Haben Sie nicht trotzdem die Sorge, dass doch die meisten Leser jetzt nach Parallelen im Leben, in Ihrem Leben mit dem Ihres Helden suchen werden?

Simenon: Bewusst ist es mir auf jeden Fall, Angst habe ich überhaupt keine davor, weil, man schreibt ja nur über das, was man auch wirklich kennt, wo man sich auskennt, von dem man etwas versteht. Und es ist ja so: Mein Vater hat einmal gesagt, als Schriftsteller ist man so ein bisschen wie der Schwamm des Lebens, man saugt alles auf, alle Figuren, die man kennt, seine Nächsten, die Menschen, die einem nahestehen, aber auch Leute, die man auf der Straße vielleicht kennengelernt hat. Und das kommt dann Jahre später, vielleicht auch manchmal erst 20 Jahre später so mosaiksteinartig wieder zurück.

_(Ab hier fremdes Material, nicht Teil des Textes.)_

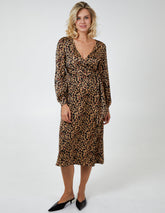 Leopard Print Wrap Midi Dress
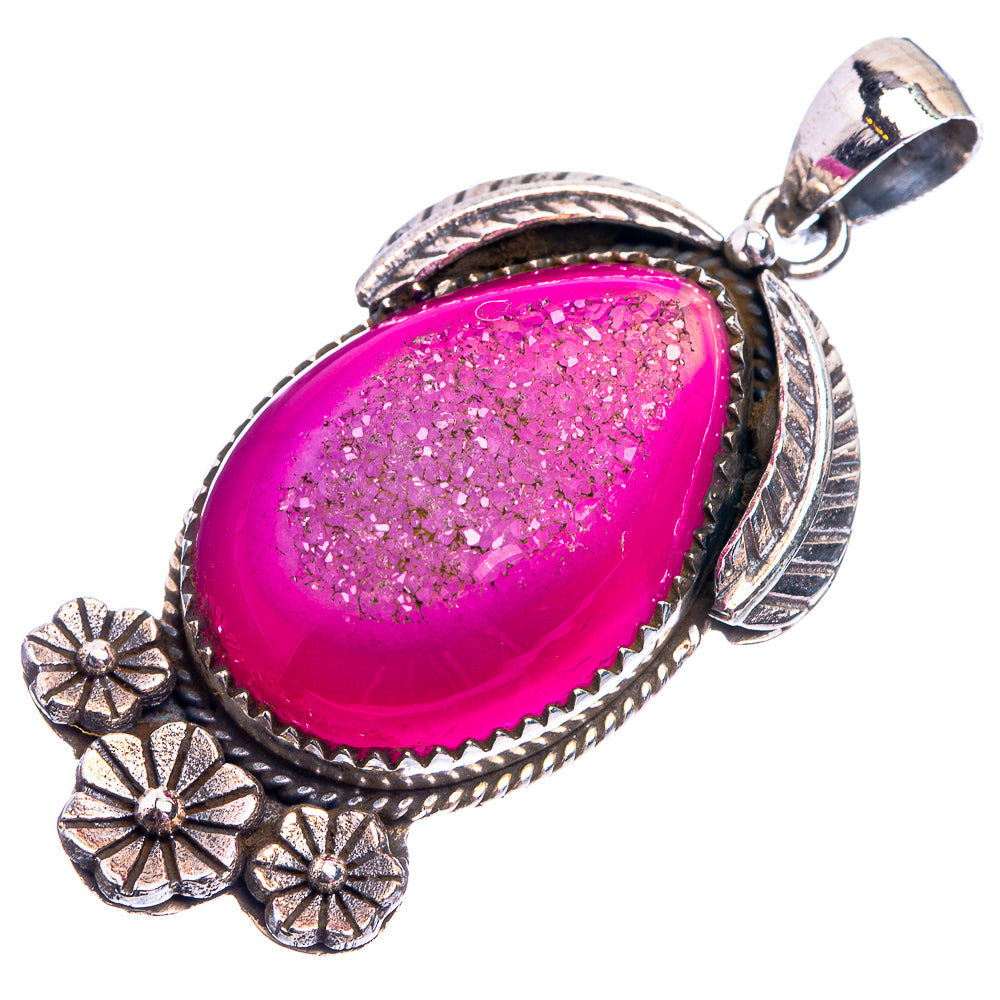 Pink druzy agate pendant, oval bezel set in 925 sterling silver with scroll bail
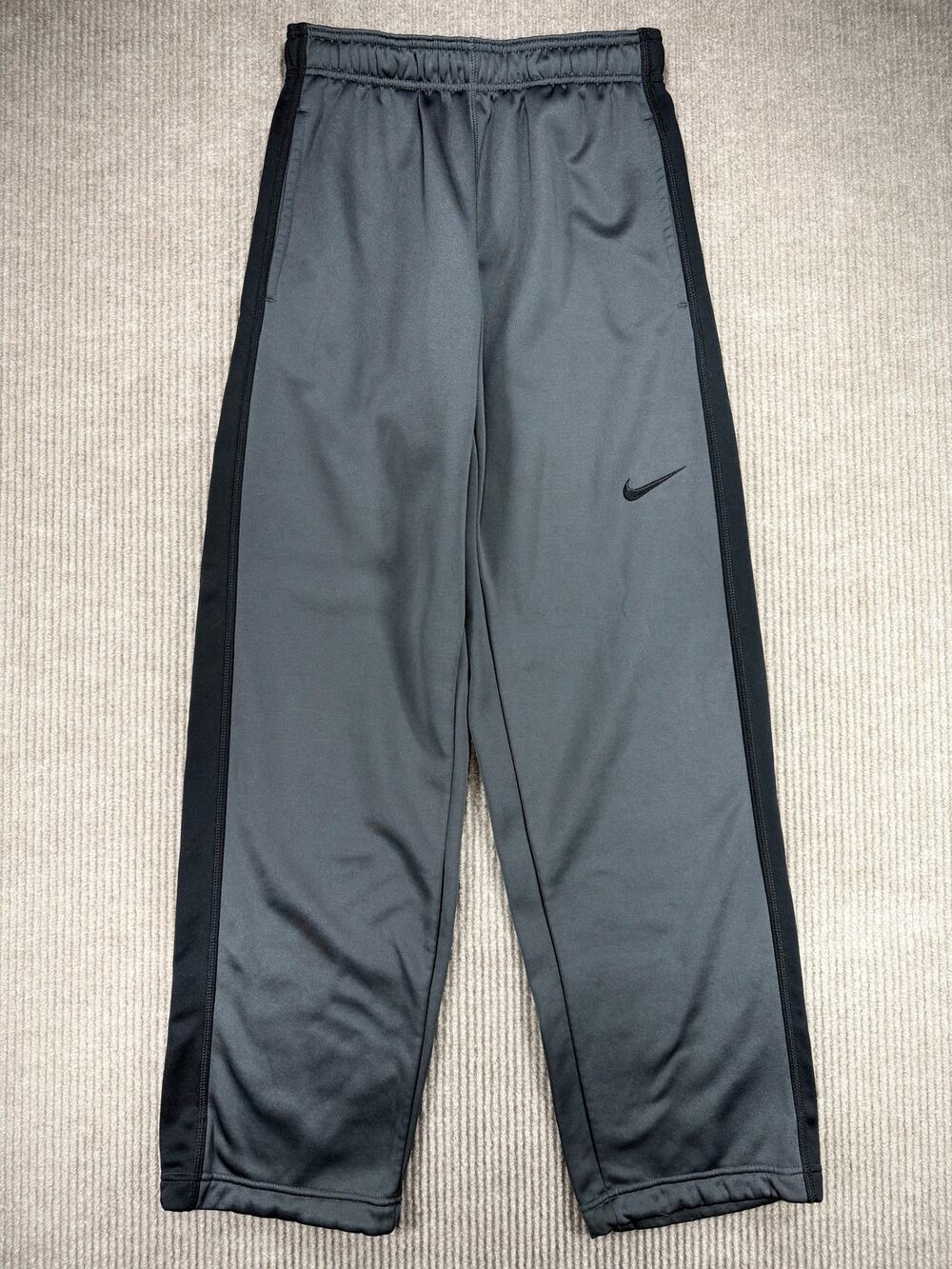 Nike Boys ThermaFIT Track Pants Gray Black Youth Small Stripe Fleece Stained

Und ich möchte noch einmal jemanden zitieren, ohne mich mit ihm vergleichen zu wollen, nämlich Hemingway: Dessen erster Roman "A fairwell to arms" beschreibt einen jungen amerikanischen Sanitäter in der italienischen Armee. Nun war auch Hemingway ein junger amerikanischer Sanitäter in der italienischen Armee und es ist trotzdem nicht Ernest Hemingway, um den es in diesem Buch geht, es ist trotzdem kein rein autobiografisches Buch. Aber wie ich schon sagte: Man schreibt über das, was man kennt.

Und ich kann aber sagen, dass dieses Buch, mein Buch überhaupt nicht autobiografisch ist. Und wenn man vielleicht die Teile, die am autobiografischsten erscheinen mögen, am wenigsten glaubt, aber die, die am wenigsten autobiografisch erscheinen, am ehesten für real nimmt, dann habe ich meinen Job als Autor getan. Und das – das habe ich durch Kritiken und so weiter bemerkt – ist mir wohl auch ganz gut gelungen.

Führer: Pierre Simenon, jüngster Sohn des Schriftstellers Georges Simenon. Pierre Simenons Kriminalroman "Im Namen des Blutes" erscheint jetzt im Limes Verlag. Merci beaucoup, monsieur Simenon! Und gedolmetscht hat Jörg Taszman, merci à toi aussi!